Perry County, the report shows, was ranked in the top five Kentucky counties with the highest rates of drug overdose deaths in 2021. The top five counties with high overdose rates included:

• Estill County had 22 drug overdose deaths and a rate of 147.89 overdose deaths per 100,000 residents;

• Gallatin County had 12 drug overdose deaths and a rate of 145.89 overdose deaths per 100,000 residents;

• Perry County had 35 drug overdose deaths and a rate of 141.81 overdose deaths per 100,000 residents;

• Rowan County had 27 drug overdose deaths and a rate of 130.82 overdose deaths per 100,000 residents; and

• Knott County had 16 drug overdose deaths and a rate of 122.67 overdose deaths per 100,000 residents.

Kentucky River District Public Health Director Scott Lockard said the numbers are concerning, but not shocking, taking into account the COVID-19 pandemic.

“For overdose  prevention, for individuals in drug treatment, one of the things that's most important is that they're being supported and going to events and getting the services they need,” he said. “We were seeing shut downs and everything, so we were seeing situations that caused increased stress on individuals and the support they needed to battle their disease of addiction.”

A change in drugs coming into the region is also a factor, Lockard said, with a rise in the presence of fentanyl and carfentanil.

Lockard said there were a lot of challenges with the shift from pharmaceutical drugs that were being used illicitly going to another substance laced with fentanyl and carfentanil.

“The potency from one batch to another may vary dramatically,” Lockard said.

In response to the rise in overdoses, the KRDHD has been holding Narcan distribution events through the health department and community partners; they stay in contact with first responders to make sure they are stocked on Narcan; they hold training sessions for the community; and they try to educate the community and address the issues going on.

Lockard said there are several available resources in the community for people who need help.

“You have a community that is really trying to help people battle their addictions,” he said.

For help getting treatment, call the KRDHD at (606) 439-2361.

State officials said the report further shows the severity of the problem with the fight against substance abuse and overdoses.

“Here in the commonwealth, we have been fighting a long battle against the opioid epidemic. This public health crisis has torn families apart and taken the lives of far too many Kentuckians, far too soon,” Gov. Andy Beshear said. “Every day we must work together to fund recovery programs and treatment options so that we can continue to address this scourge and get our people the help they need.”
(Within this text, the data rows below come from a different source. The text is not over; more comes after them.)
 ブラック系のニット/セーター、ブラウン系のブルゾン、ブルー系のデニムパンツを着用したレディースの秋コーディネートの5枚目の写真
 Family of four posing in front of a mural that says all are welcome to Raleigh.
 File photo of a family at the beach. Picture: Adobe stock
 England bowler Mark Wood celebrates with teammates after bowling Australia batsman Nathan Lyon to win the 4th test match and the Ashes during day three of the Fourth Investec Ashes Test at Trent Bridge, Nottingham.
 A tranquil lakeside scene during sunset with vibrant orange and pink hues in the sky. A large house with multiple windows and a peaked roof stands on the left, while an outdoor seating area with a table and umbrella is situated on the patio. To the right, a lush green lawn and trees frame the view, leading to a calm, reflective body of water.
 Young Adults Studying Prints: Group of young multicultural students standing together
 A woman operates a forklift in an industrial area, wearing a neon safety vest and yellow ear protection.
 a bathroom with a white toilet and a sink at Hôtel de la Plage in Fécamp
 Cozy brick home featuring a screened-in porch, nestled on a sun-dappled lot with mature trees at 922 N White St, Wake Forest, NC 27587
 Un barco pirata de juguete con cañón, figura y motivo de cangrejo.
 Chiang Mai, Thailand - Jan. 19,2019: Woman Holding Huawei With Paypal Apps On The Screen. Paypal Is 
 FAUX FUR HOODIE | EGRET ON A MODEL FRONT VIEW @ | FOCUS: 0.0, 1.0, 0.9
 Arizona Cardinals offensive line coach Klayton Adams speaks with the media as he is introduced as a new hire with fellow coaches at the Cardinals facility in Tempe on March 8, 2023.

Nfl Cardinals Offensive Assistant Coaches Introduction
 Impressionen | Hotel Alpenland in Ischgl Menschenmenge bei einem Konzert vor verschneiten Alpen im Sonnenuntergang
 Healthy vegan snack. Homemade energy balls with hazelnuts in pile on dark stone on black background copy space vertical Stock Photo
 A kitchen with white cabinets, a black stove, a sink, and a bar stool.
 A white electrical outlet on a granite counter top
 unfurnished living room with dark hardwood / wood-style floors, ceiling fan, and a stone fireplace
The 2021 Overdose Fatality Report, released by the Kentucky Justice and Public Safety Cabinet and the Office of Drug Control Policy (ODCP), compiled data from the Office of the State Medical Examiner, the Kentucky Injury Prevention & Research Center and the Kentucky Office of Vital Statistics.

“The drug epidemic is not a Kentucky issue or political issue, but a nationwide issue that is affecting everyone and every state,” said ODCP Executive Director Van Ingram. “Our focus over this next year will be on increasing access to clinical care for those suffering from an addiction and offering more harm reduction measures.”

Since his appointment as Secretary of the Justice and Public Safety Cabinet, Kerry Harvey said he believes he has made it clear that fighting the drug epidemic while reducing the stigma around it is a top priority.

“The Justice and Public Safety Cabinet has been and remains committed to those struggling with addiction and their families,” said Secretary Harvey. “The safety of all Kentuckians is one of the issues at the heart of this problem. We are working to provide help to all those affected by drug addiction, especially those who are seeking to go into recovery.”